Gordon Forrest

Personal information
- Full name: Gordon Ian Forrest
- Date of birth: 14 January 1977 (age 48)
- Place of birth: Dunfermline, Scotland
- Height: 5 ft 9 in (1.75 m)
- Position(s): Midfielder

Team information
- Current team: Shenzhen Peng City (assistant coach)

Youth career
- Rosyth Recreation

Senior career*
- Years: Team / Apps / (Gls)
- 1993–1996: Raith Rovers / 1 / (0)
- 1997–1999: Livingston / 37 / (5)
- 1999: Leiftur
- 1999–2000: East Fife / 26 / (1)
- 2000–2005: Berwick Rangers / 123 / (18)
- 2005–2009: Burntisland Shipyard

Managerial career
- 2009-2010: East Fife (chief scout)
- 2012-2013: Vancouver Whitecaps U23
- 2014-2018: Vancouver Whitecaps (assistant)
- 2019-2020: Dundee United (assistant)
- 2020-2024: Heart of Midlothian (assistant)
- 2024-: Shenzhen Peng City (assistant)

= Gordon Forrest =

Scottish football coach and former player

Gordon Ian Forrest (born 14 January 1977) is a Scottish football coach and former player who is the currently assistant coach of Chinese Super League club Shenzhen Peng City. His playing career included spells with Raith Rovers, Livingston, East Fife and Berwick Rangers in Scotland, and Leiftur in Iceland. He has coached in Scotland, New Zealand and in Canada, where he was with Vancouver Whitecaps FC.

==Early life==
Gordon Forrest was born in Dunfermline, Fife, on 14 January 1977. He was educated at Woodmill High School in the town and supported local football club Dunfermline Athletic.

==Playing career==
Forrest began his senior career with Raith Rovers, joining as a youth from Rosyth Recreation in 1993. He made his Raith debut against Celtic in 1996 and also played in the UEFA Cup. When his former Raith manager Jimmy Nicholl moved to Millwall, Forrest had an extended trial with the English club before joining Livingston in 1997. After two and a half years there, he left in 1999 for a short spell in Iceland with Leiftur, where he again appeared in the UEFA Cup. Returning to Scotland, he joined East Fife in October 1999. He then joined Berwick Rangers in 2000, making over 100 league appearances before leaving in 2005. Forrest ended his playing career with amateur club Burntisland Shipyard.

==Coaching career==
Having left senior football whilst still in his twenties, Forrest concentrated on his coaching career, obtaining a UEFA 'A' licence and youth and child coaching licences from the Scottish Football Association (SFA). He went on to work for the SFA as a Youth Development Officer in Edinburgh and Fife. In 2009 he returned to East Fife, working as first team coach under manager Stevie Crawford. In 2011, he emigrated to New Zealand to work as a football development manager for the Northern Football Federation. He was also assistant coach for the New Zealand women's national team at the 2012 Summer Olympics.
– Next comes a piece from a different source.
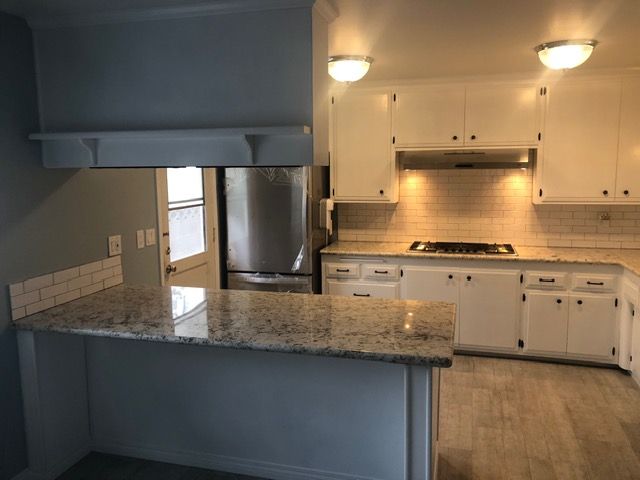 Modern kitchen with granite island, white cabinets, stainless appliances, and tiled backsplash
In October 2012, Forrest joined Canadian-based Major League Soccer (MLS) franchise Vancouver Whitecaps FC as head coach of their under-18 team and manager of coaching development. In January 2014 was promoted to working with the MLS team as an assistant coach to Carl Robinson. Whitecaps released Robinson and his coaching team, including Forrest, in September 2018.

Forrest returned to Scotland in January 2019 to take up the position of assistant head coach to Robbie Neilson at Scottish Championship club Dundee United, a role he shared with Lee McCulloch from June 2019 onwards. When Neilson left the club in June 2020 to become manager at Heart of Midlothian, Forrest and McCulloch were initially placed in temporary charge at United before joining Hearts as Neilson's assistants.

In June 2023, Forrest was named as first team coach of Hearts. He was dismissed in September 2024.